While ensuring that drugs are prescribed correctly is important, we can't overlook the danger that the FDA may prescribe more REMS to protect itself from the negative publicity and Congressional criticism that attends serious but rare drug side effects. It's also worrisome that REMS seem to be expanding over time, with regulators increasingly looking over doctor's shoulders. The assumption is that physicians won't reach the same benefit-risk judgments that the agency makes, but they may have good reasons for doing so.

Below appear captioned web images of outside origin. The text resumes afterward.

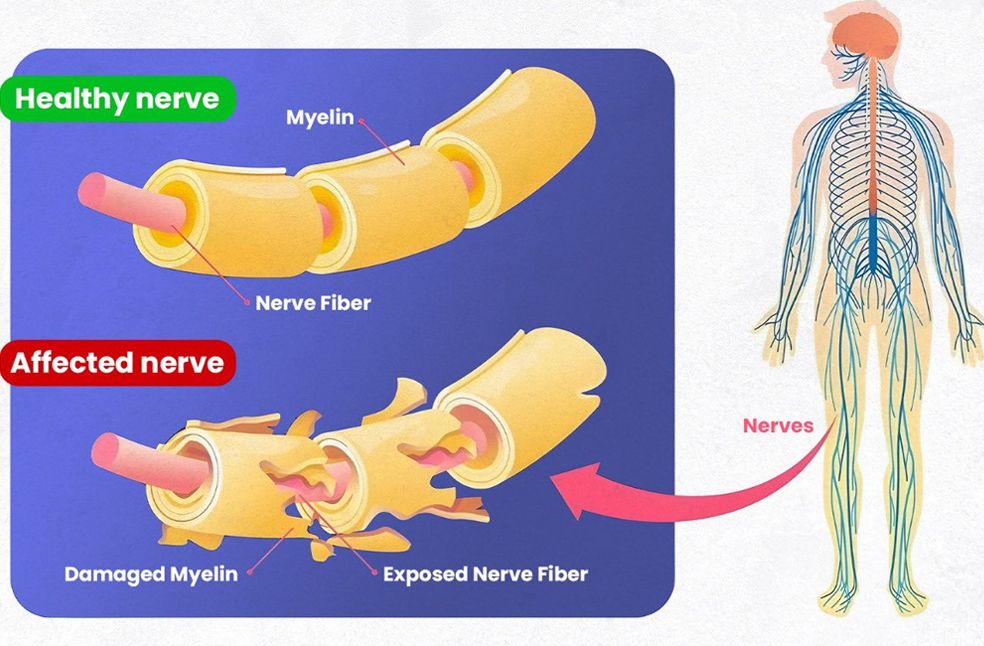 India faces surge in GBS cases_Image Via_Ministry of Health India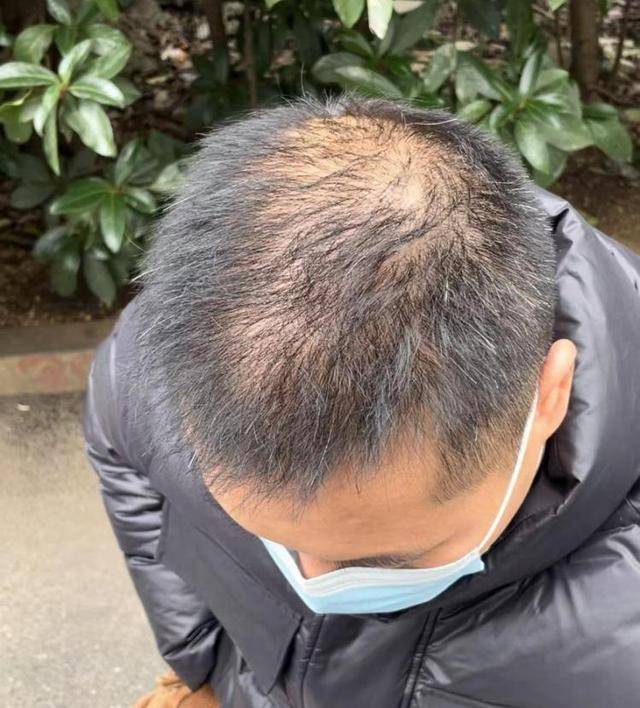 “还能反光<strong></p>
<p>pai币在哪个交易所上线</strong>！”长沙男子植发近9月称后脑勺“像狗啃过”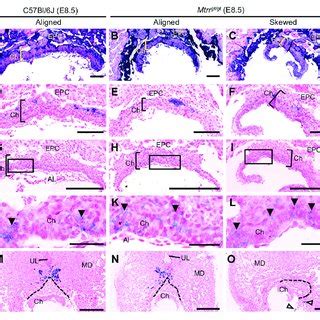 Spectrum Of Phenotypes Observed In Mtrr Gt Gt Mouse Conceptuses At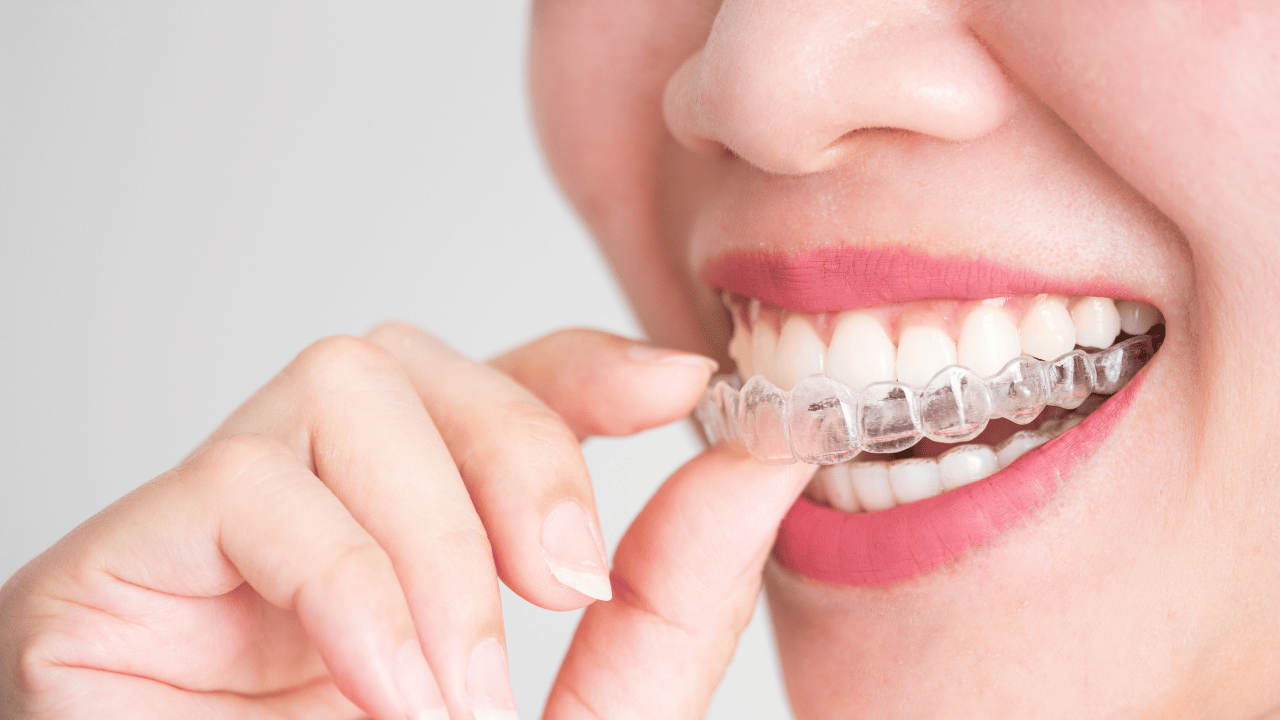 Achieve Your Perfect Smile with Invisalign Clear Aligners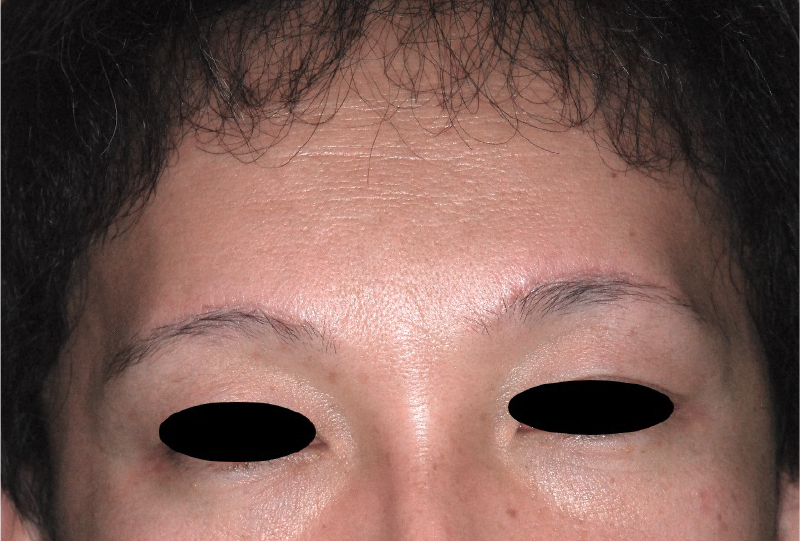 前額の骨(前頭骨(おでこ))を綺麗にする手術の症例 術前
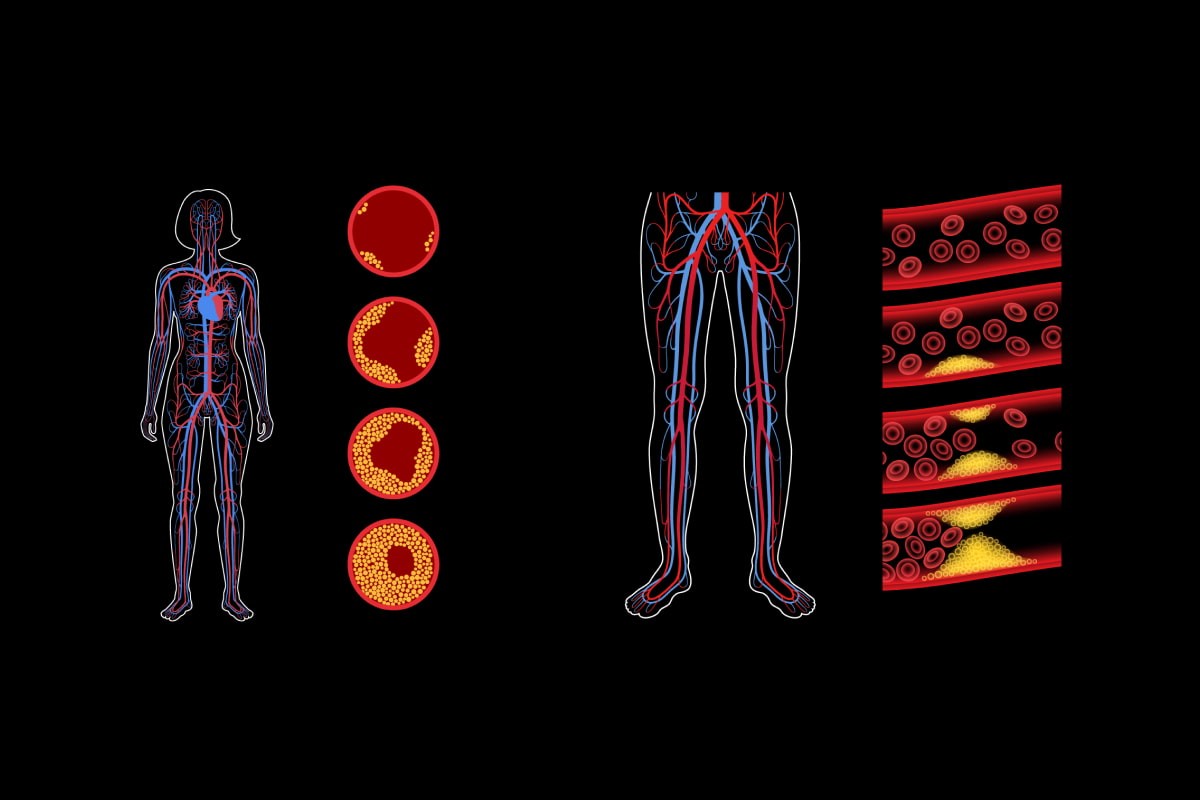 Peripheral Vascular Disease vs. Peripheral Arterial Disease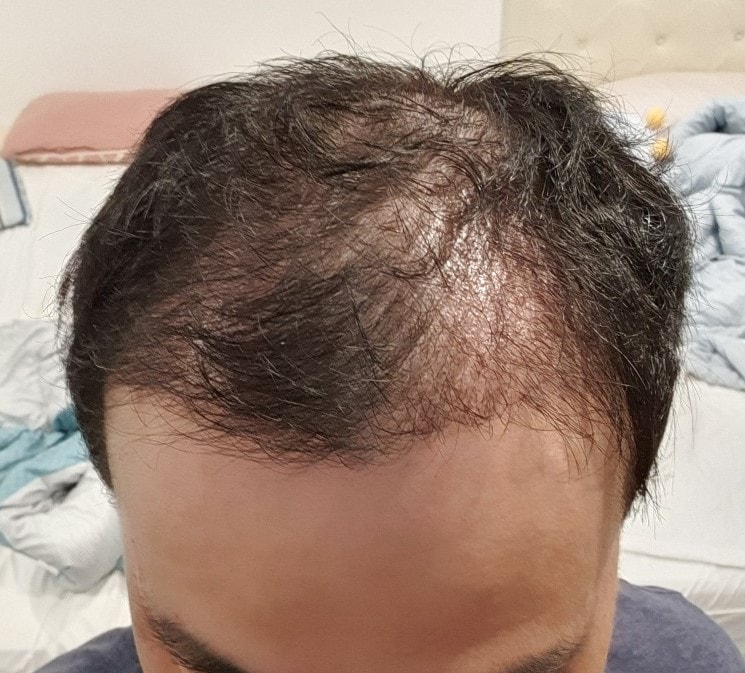3. 수술후_3개월_셀카_1.jpg
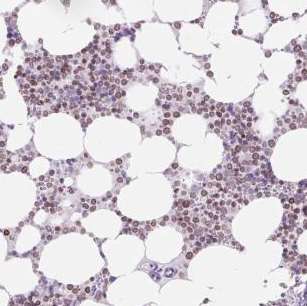 Immunohistochemistry (Formalin/PFA-fixed paraffin-embedded sections) - Anti-VPREB1 antibody (AB185480)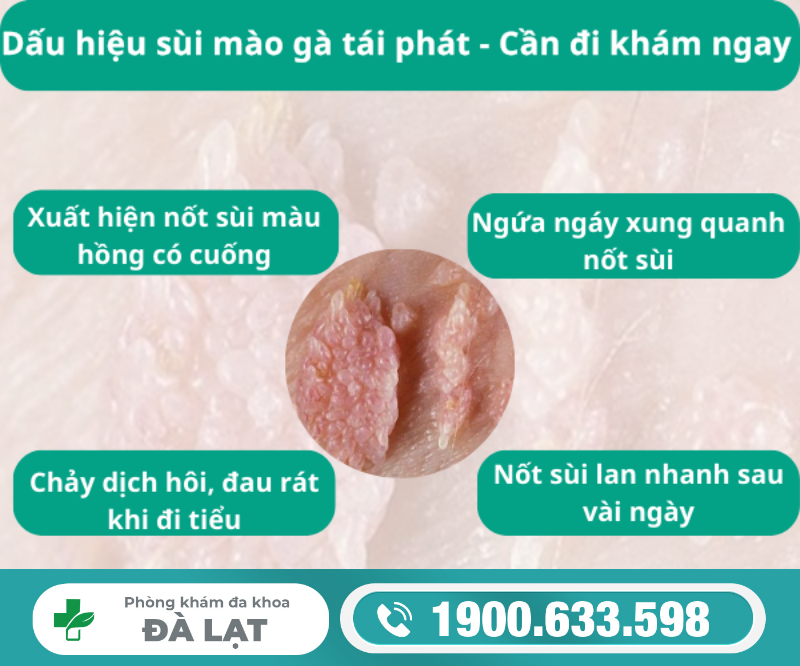 Hình ảnh minh họa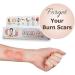 Boomers Scar Gel for Acne & Sports Injury - All Skin Types (15 GM, Pack of 3) - Buy Online on GoSupps.com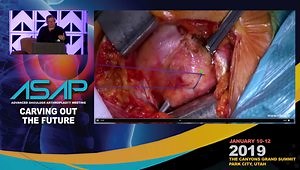 Subscapularis: Tenotomy and Repair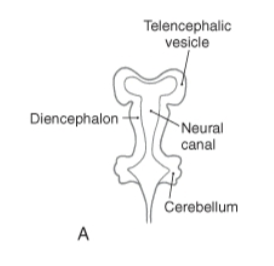 <p>Telencephalic vesicles</p>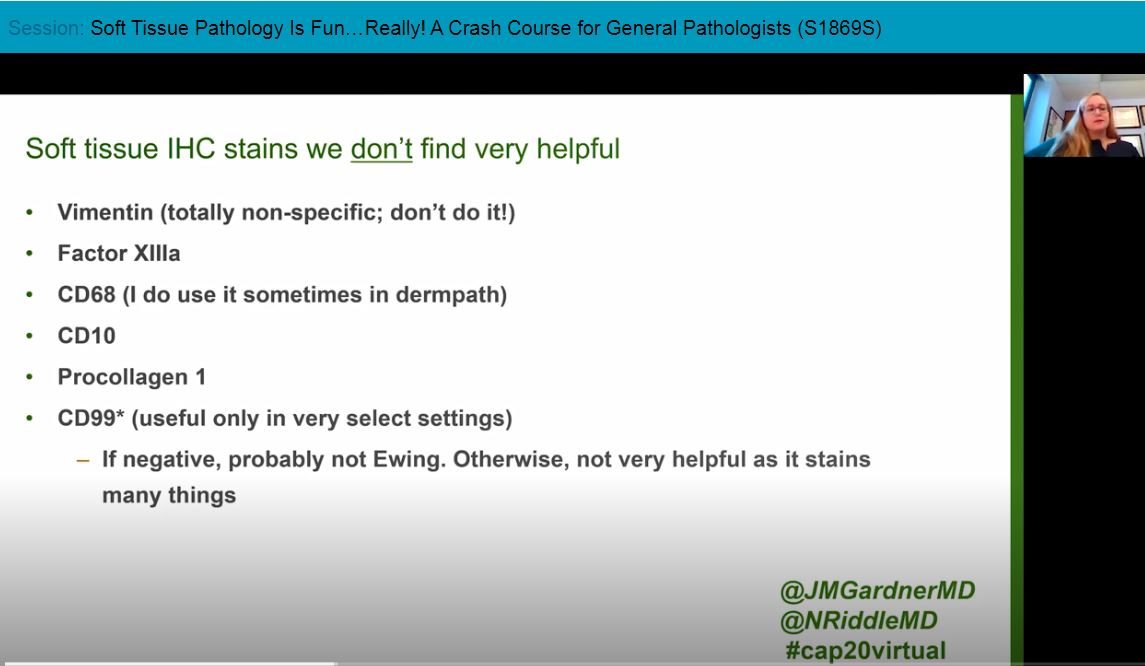 NHardy_path's tweet image. Vimentin may be the most triggering IHC to order 😂 was surprised to see some of the other IHCs on this list, but Dr. Riddle did a great job explaining her reasoning 👍 @NRiddleMD @cap20virtual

Both patients' and pharmaceutical industry associations have expressed concern over the FDA's REMS program: pharmaceutical companies have noted that the FDA has no black-and-white criteria for determining when REMS will be required; meanwhile, the National Health Council, an association of health organizations, has called for a Government Accountability Office (GAO) review of the REMS process to determine if it is preventing new drugs from entering the market.
Increasingly, concerns about the abuse of prescription drugs (especially pain medicines and drugs for ADHD) have made it harder for some law-abiding physicians and patients to access drugs for legitimate uses. Striking the right balance here is crucial, and bears careful watching
Comparative Effectiveness Research
With growing healthcare costs viewed as a substantial problem for state and federal budgets, comparative effectiveness research is increasingly being viewed as an attractive cost control strategy. As President Obama once quipped, why pay for an expensive red pill when a cheap blue is available that does the same thing? Indeed, the 2009 American Recovery and Reinvestment Act (ARRA) allotted around $1 billion in funding for CER to "support research assessing the comparative effectiveness of health care treatments and strategies."
At the most basic level, CER studies compare two drugs to see which, on average, is more effective. The idea is that if a more expensive drug is as effective as a less expensive alternative, there is no reason to cover the more expensive variant. On the surface this logic may seem intuitive, but it misses a critical point - most people are not the average patient. A drug that looks to help the same 'average' patient may in fact be helping a different segment of the patient population that isn't being helped by another drug. While government sponsored CER can provide important information that markets may not produce (some comparative trials are so large as to be impractical for any single company) , and patients should certainly have better incentives to pursue the most cost effective strategies, it's no panacea - and runs counter to, again, the growing trend of more personalized treatment options.
Controversial social policy issues, like those mentioned in the NEJM article, often garner the most attention. However, there are broader and potentially much more serious intrusions into the doctor-patient relationship waiting in the wings.
After all, the more government pays for health care, the more it will want to tell doctors and patients what they're allowed to have - or what they have to go without.